Better an ambitious timeline than no timeline at all.
We know it’s not going to happen, but at least someone is thinking about it. It’s important to dream.
“However, there’s a school of spacefaring thought that suggests colonizing the surface of another planet — any planet — is more trouble than it’s worth.”
Mars is not much trouble. And even Earth is not much trouble if we enough space traffic, which justified infrastructure which could be stuff in Mag Lev or beamed power to which add delta-v to chemical rockets and reduce gravity loss.
Mars has fairly low gravity loss, and with Apollo LEM the gravity lose was 100 m/s. And Moon certainly doesn’t need chemical rockets to leave and land on it’s surface.
And Space is big. In space you have to travel fast to go anywhere.
A problem with L-5 colony is one will have impose some extremely low speed limit like say 500 m/s [1,116 mph] with say 200 km of it’s boundary [and considering politics it might be lowered to 100 m/s. On Mars surface “cars”, might speed limit of 500 m/s. But probably sub-orbital travel would be way to get around- so speed is how far you going, and since Mars has lower gravity, rather than 1 hr or less anywhere {as on Earth} it could be closer to around 2 hrs or less on Mars. And Moon similar from pole to pole.
In future one going to use Venus orbit to get to Mars, it has more windows, and it’s a shorter distance to Mars {or Ceres} as compared to from Earth.
The time to get to Mars from Earth is problem in regards to Mars- unless using a lot delta-v, it takes about 3 months in express travel to Mars.
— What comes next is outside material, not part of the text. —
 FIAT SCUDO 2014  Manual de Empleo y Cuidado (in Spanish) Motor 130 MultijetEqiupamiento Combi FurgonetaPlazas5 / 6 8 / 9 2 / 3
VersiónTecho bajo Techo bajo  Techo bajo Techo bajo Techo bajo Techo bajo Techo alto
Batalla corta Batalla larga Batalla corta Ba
And from Venus to Mars in 3 months takes less delta-v as from Earth- plus on has more launch windows.
With Ceres, one one will have to use Venus, to start such human settlement on Ceres, and still going much longer than than getting Mars.
So, if have say less than 1 million people living on Mars, Mars will use Venus, and with such infrastructure in place, one could have settlement on Ceres, and it seems one will tend to use nuclear rocket, even when have a lot nuclear rocket available, one is still going to a lot chemical rockets. And you will have hybrid rockets.
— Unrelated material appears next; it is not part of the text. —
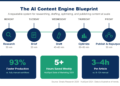 The AI Content Engine Blueprint: How to Build a System That Creates, Optimizes, and Publishes Content at Scale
I don’t favor Ceres because it’s pretty far out, getting 6 to 9 times less light than a colony at L4 or L5. Sure, there are plenty of materials there, but whether you simply mine it or build the colonies there, and move the products closer to the Sun and Earth.
If I was going to put O’Neill cylinder around a major asteroid, I’d probably go with Vesta, whose orbit lies entirely within that of Ceres, averaging about 37% more light, unless differences in composition (and thus available materials) or rotation rates outweighs that advantage.
Of course one big unknown is the ideal, or most cost-effective, gravity level for mining an asteroid. Maybe gravity allows the use of heavier equipment and more violent methods, or maybe it causes us to use heavy equipment to do things that some little R2D2 could do on a lighter asteroid.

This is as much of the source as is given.